* [Task goal] Pick out each line with the word "cupcake" from the material that follows.

* [Task input]
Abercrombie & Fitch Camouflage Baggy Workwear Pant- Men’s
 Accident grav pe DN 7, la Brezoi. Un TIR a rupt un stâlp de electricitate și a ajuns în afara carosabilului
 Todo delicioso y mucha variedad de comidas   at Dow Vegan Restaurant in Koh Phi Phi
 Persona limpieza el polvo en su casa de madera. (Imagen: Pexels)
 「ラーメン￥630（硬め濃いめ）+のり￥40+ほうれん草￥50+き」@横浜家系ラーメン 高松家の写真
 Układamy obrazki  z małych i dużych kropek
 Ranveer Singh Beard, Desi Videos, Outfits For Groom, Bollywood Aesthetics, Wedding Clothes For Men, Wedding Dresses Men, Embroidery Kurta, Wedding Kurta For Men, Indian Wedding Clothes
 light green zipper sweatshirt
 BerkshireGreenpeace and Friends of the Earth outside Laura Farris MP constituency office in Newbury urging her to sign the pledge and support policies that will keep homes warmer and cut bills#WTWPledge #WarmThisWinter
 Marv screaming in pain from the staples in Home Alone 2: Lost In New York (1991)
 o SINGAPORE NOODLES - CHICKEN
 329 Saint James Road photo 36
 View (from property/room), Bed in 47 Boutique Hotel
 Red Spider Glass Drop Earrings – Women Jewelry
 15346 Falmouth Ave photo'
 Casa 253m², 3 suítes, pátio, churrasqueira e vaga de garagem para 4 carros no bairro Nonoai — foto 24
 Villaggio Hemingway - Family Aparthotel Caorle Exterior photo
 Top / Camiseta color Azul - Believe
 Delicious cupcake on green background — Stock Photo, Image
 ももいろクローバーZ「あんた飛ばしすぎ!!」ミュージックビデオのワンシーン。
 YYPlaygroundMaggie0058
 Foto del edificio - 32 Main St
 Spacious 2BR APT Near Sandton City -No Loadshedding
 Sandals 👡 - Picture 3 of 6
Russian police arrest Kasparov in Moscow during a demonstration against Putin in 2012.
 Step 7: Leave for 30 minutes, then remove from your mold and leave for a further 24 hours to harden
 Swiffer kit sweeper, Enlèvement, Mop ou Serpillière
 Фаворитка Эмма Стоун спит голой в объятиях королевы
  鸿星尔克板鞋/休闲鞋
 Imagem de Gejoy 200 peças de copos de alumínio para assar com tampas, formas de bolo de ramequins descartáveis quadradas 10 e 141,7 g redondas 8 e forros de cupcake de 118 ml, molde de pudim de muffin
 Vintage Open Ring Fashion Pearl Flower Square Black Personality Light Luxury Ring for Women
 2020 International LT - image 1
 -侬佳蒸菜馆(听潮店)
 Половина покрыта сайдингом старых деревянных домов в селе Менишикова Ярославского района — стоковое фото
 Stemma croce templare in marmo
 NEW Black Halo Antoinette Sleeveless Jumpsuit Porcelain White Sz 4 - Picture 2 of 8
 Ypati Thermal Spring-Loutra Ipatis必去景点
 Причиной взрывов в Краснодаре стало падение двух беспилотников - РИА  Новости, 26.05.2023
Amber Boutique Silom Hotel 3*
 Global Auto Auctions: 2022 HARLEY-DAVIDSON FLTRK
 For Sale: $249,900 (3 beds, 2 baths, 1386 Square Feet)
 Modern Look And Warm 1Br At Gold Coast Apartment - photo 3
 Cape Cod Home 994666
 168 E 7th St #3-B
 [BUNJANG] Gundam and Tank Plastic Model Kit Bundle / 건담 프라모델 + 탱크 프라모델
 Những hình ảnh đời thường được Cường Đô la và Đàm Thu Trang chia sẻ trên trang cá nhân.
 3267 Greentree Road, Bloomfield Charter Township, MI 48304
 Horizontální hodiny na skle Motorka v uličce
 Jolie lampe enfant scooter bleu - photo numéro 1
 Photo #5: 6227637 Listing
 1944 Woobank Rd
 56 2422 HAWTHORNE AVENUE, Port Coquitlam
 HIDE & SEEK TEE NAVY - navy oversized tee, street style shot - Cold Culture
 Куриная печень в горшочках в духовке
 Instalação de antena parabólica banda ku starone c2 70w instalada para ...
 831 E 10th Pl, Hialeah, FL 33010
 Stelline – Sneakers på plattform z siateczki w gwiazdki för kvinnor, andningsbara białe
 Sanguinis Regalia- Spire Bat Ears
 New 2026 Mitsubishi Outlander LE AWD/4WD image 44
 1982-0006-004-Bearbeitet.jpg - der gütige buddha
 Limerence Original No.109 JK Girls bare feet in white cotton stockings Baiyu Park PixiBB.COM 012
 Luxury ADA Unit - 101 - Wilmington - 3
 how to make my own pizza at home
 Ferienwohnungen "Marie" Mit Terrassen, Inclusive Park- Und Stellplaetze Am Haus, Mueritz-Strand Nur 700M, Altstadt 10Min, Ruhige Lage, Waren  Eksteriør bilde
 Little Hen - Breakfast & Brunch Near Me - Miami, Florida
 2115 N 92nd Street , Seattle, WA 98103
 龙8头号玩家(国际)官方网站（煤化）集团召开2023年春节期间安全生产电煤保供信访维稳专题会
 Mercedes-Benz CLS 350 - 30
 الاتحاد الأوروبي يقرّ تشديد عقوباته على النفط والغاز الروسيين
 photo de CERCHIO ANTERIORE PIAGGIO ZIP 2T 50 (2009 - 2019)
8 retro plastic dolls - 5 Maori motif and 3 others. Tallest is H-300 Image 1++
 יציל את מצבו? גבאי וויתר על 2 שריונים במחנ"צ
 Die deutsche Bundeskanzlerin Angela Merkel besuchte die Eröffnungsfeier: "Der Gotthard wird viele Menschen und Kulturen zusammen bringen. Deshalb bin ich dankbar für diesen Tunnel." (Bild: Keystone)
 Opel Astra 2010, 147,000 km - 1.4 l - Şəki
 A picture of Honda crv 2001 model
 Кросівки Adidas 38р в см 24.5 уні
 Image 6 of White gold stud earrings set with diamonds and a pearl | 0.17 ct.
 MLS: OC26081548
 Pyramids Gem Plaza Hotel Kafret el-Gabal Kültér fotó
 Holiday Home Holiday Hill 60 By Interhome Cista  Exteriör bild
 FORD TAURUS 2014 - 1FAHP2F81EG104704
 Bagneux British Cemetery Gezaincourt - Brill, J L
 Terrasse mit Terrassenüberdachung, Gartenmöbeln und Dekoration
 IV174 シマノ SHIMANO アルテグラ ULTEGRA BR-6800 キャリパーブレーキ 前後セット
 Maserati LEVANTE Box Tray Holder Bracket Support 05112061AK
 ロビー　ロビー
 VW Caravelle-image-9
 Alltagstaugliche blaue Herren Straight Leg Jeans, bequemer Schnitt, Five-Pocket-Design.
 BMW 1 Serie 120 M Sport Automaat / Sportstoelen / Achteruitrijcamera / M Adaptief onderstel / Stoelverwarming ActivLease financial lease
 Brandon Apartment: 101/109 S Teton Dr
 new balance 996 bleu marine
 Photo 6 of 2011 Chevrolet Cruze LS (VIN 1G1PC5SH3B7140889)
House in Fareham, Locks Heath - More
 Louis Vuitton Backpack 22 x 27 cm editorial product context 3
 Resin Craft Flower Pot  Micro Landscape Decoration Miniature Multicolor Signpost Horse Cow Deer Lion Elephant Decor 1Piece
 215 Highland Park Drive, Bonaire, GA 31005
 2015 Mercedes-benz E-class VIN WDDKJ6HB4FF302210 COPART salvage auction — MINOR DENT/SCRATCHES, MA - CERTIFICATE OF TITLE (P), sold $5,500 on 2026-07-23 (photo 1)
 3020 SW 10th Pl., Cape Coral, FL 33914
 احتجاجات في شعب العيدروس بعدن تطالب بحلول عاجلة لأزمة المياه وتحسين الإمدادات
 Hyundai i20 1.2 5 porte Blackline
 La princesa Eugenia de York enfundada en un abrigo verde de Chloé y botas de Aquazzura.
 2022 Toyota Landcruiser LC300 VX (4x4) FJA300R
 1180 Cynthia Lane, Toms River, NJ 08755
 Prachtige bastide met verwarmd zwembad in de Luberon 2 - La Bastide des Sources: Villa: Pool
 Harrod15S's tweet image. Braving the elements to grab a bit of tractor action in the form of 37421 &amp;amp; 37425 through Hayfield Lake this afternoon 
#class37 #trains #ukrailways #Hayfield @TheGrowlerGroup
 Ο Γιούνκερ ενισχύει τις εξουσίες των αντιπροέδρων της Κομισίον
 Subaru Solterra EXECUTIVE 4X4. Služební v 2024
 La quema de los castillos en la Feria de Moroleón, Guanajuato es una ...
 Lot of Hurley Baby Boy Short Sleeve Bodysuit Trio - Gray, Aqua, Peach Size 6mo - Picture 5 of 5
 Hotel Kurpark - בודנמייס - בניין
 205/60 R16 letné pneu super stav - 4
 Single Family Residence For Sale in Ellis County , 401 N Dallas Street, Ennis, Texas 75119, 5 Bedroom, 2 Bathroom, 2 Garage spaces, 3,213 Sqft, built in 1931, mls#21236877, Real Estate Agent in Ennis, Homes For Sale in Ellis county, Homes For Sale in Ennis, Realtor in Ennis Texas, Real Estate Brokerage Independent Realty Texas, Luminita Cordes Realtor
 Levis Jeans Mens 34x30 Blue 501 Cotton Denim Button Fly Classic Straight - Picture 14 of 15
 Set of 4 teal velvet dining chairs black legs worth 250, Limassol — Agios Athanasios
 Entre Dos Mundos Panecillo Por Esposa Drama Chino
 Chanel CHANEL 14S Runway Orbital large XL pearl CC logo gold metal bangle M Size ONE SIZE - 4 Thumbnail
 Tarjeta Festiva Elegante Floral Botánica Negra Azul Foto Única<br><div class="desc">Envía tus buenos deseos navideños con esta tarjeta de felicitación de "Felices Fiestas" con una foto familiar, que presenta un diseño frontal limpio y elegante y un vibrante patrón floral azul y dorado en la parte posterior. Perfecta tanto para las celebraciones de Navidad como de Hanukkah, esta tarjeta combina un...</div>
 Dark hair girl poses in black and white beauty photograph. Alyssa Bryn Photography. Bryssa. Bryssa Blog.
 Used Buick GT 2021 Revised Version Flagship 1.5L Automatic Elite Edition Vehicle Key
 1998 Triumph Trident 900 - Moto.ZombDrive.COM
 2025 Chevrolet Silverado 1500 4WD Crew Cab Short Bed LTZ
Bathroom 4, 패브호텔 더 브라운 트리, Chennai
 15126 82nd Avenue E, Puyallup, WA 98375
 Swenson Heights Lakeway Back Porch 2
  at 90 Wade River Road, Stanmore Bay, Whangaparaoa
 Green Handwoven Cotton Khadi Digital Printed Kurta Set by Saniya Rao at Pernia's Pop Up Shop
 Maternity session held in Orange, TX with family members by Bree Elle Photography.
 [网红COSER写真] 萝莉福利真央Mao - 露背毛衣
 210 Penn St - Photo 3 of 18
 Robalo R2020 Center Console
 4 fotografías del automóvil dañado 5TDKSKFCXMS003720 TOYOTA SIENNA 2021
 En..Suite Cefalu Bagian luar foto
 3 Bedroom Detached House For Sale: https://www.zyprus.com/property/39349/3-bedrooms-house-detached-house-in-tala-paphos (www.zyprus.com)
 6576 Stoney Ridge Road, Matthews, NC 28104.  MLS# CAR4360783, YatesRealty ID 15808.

* [Task result]
 Delicious cupcake on green background — Stock Photo, Image
 Imagem de Gejoy 200 peças de copos de alumínio para assar com tampas, formas de bolo de ramequins descartáveis quadradas 10 e 141,7 g redondas 8 e forros de cupcake de 118 ml, molde de pudim de muffin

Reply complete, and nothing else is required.